The biggest software-induced disaster ever
In spite of the brouhaha surrounding the Affordable Care Act, the US administration and its partisans seem convinced that “the Web site problems will be fixed”.
That is doubtful. All reports suggest that the problem is not to replace a checkbox by a menu, or buy a few more servers. The analysis, design and implementation are wrong, and the sites will not work properly any time soon.
Barring sabotage (for which we have seen no evidence), this can only be the result of incompetence. An insurance exchange? Come on. Any half-awake group of developers could program it over breakfast.

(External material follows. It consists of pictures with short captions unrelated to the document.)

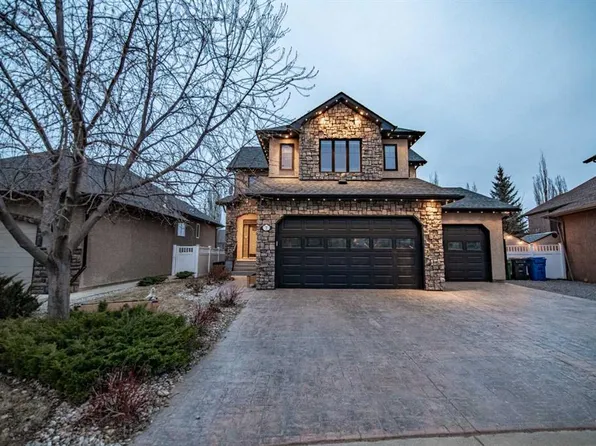 7 E Aldrich Close, Red Deer, AB T4R 3R5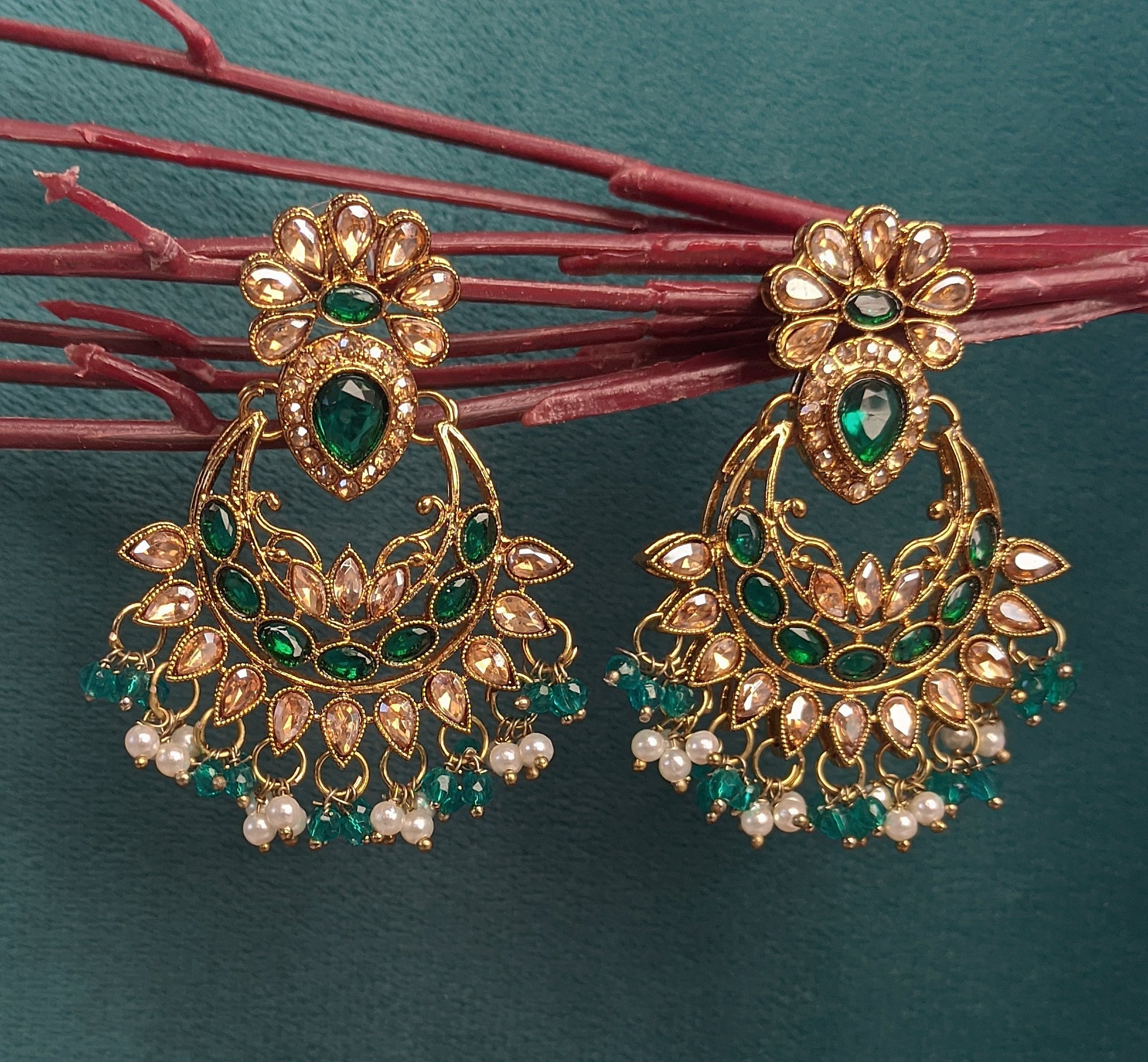Antique Earring 1021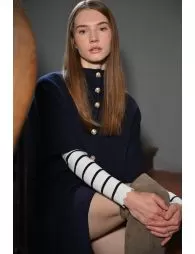 Cape en maille, boutonnée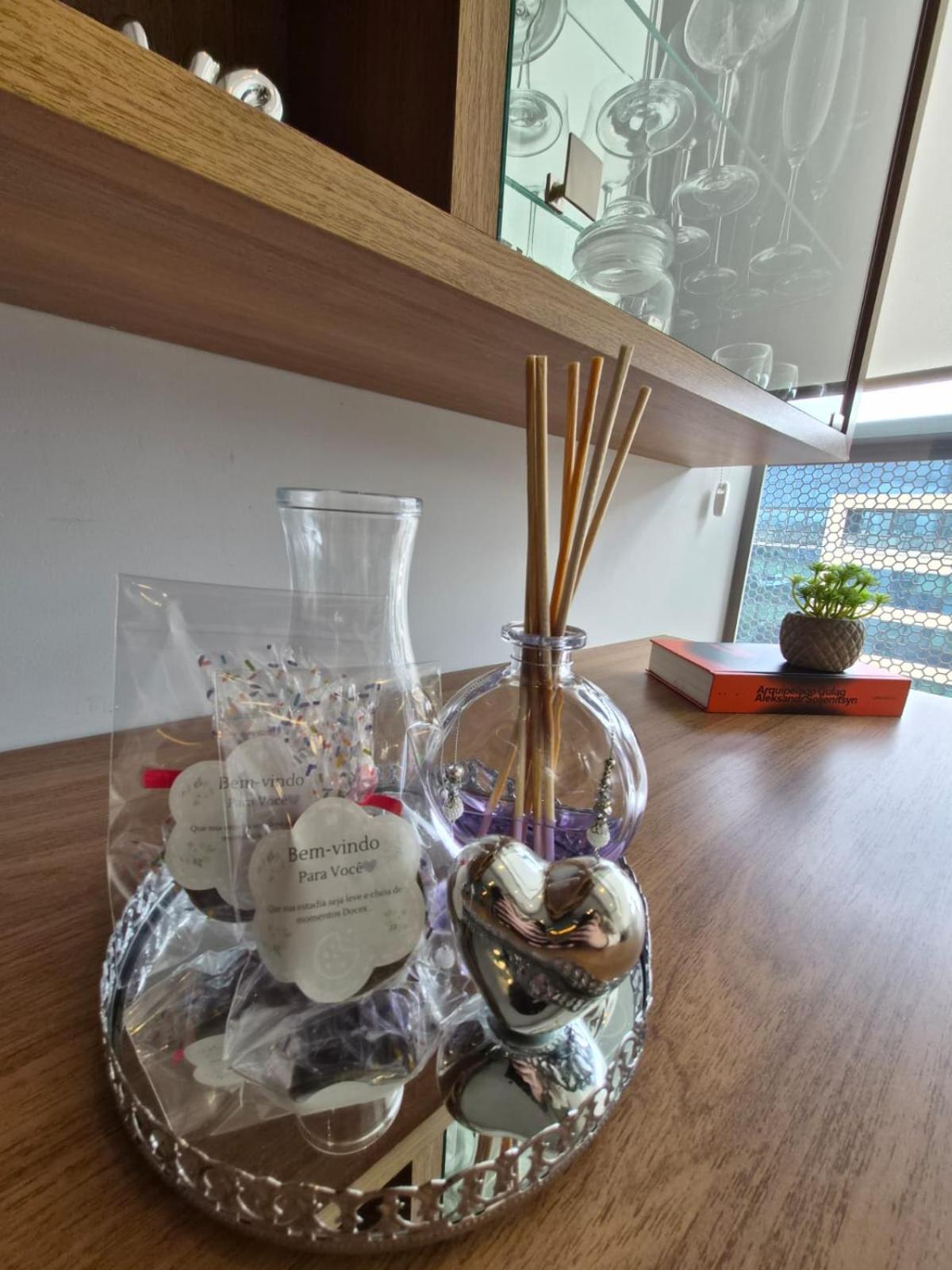 Studio Elegante & Moderno com Mezanino No Coração de Moema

Who chose the contractors?
When the problems first surfaced a few weeks ago, anyone with experience and guts would have done the right thing: fire all the companies responsible for the mess and start from scratch with a dedicated, competent and well-managed team.
The latest promises published are that by the end of the month “four out of five” of the people trying to register will manage to do it. Nice. Imagine that when trying to make a purchase at Amazon you would succeed 80% of the time.
And that is only an optimistic goal.
The people building the site do not have infinite time. In fact, the process is crucially time-driven: if people do not get health coverage in time, they will be fined. But what if they cannot get coverage because the Web sites do not respond, or mess up?
Consider for a second another example of another strictly time-driven project: on January 1, 2002, twelve countries switched to a common currency, with the provision that their current legal tender would lose its status only a bare two months later. The IT infrastructure had to work on the appointed day. It did. How come Europe could implement the Euro in time and the US cannot get a basic health exchange to work?
Here is a possible scenario: the sites do not work (cannot handle the load, give inconsistent results). A massive wave of protests ensues, boosted by those who were against universal health coverage in the first place. Faced with popular revolt and with the evidence, the administration announces that the implementation of the universal mandate — the enforcement of the fines — is delayed by a year. In a year much can happen; opposition grows and the first exchanges are an economic disaster since the “young healthy adults” feel no pressure to enroll. The law fades into oblivion. Americans do not get universal health care for another generation. Show me it is not going to happen.
The software engineering lessons here are clear: hire competent companies; faced with a complicated system, implement the essential functions first, but stress-test them; deploy step by step, with the assurance that whatever is deployed works.
The exact reverse strategy was applied. As a result, we face the prospect of a software disaster that will dwarf Y2K and other famous mishaps; a disaster that software engineering textbooks will feature for decades to come.